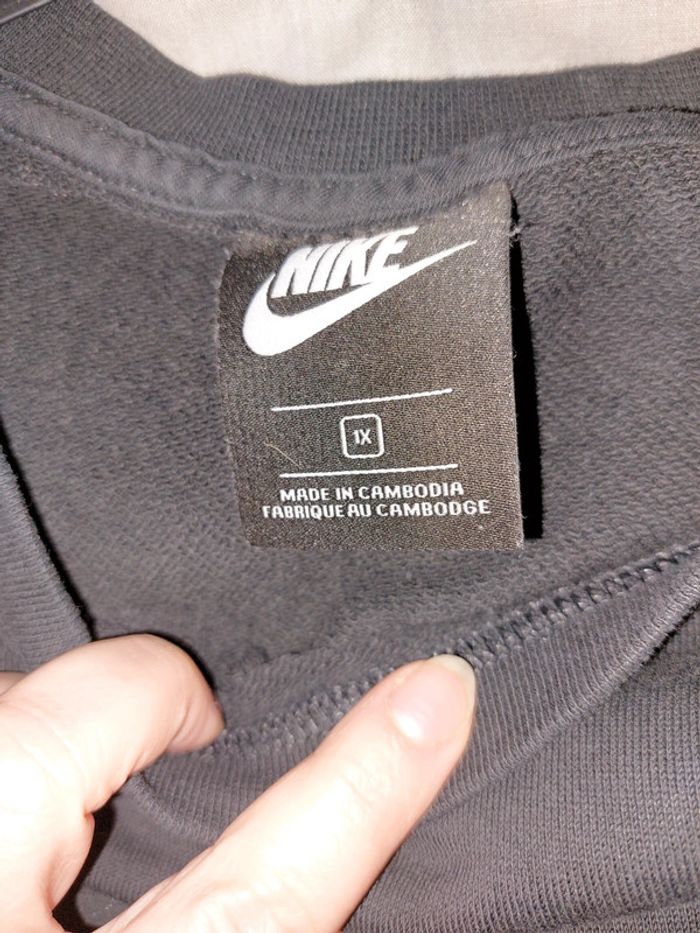 Sweat crop top nike S neuf - photo numéro 3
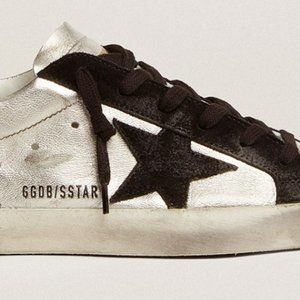 Brand New, Never Been Worn - Women's Golden Goose Super Star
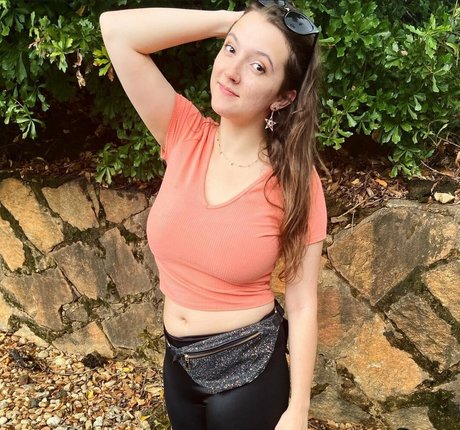 Charis Sellick model high quality image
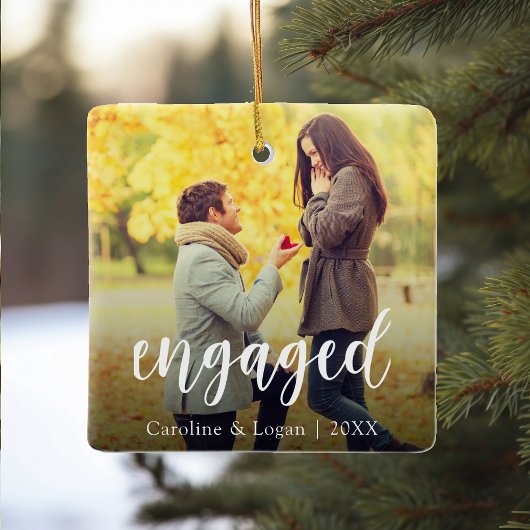 Engagement Photo | Engaged Holiday Keepsake Keramikornament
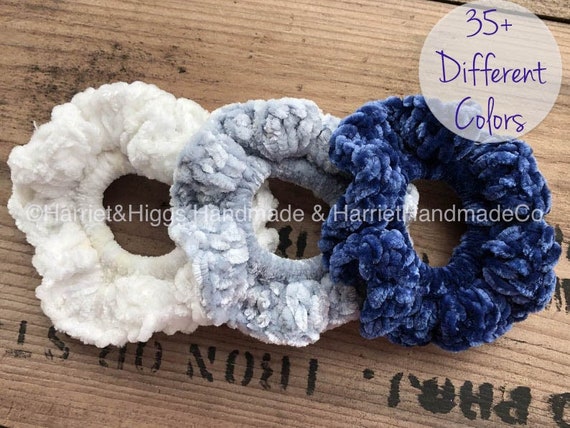 Classic Crochet Velvet Scrunchie – Handmade Soft Plush Hair  display picture 1
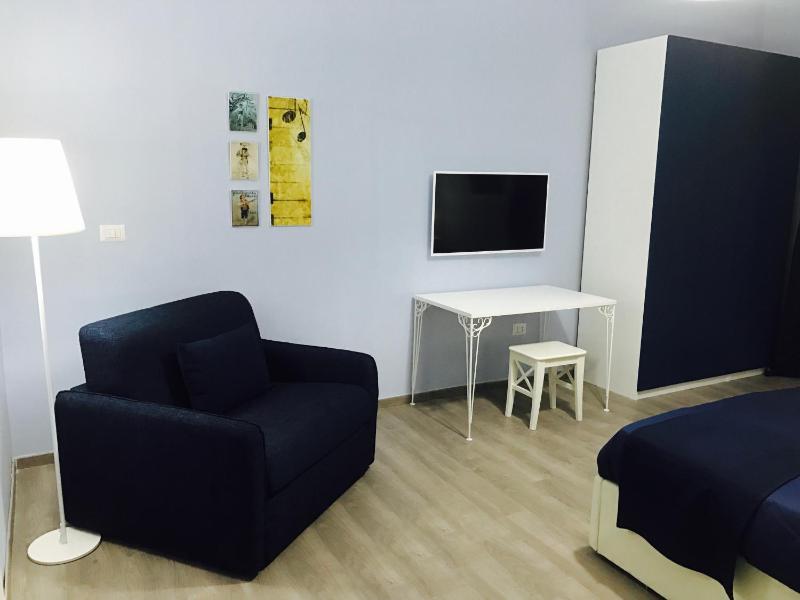 Triple Room with Private Bathroom image 4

══════

- **EXERCISE**:
The lines above must be transcribed exactly, with every picture left out.

- **EXERCISE OUTPUT**:
 Sweat crop top nike S neuf - photo numéro 3
 Brand New, Never Been Worn - Women's Golden Goose Super Star
 Charis Sellick model high quality image
 Engagement Photo | Engaged Holiday Keepsake Keramikornament
 Classic Crochet Velvet Scrunchie – Handmade Soft Plush Hair  display picture 1
 Triple Room with Private Bathroom image 4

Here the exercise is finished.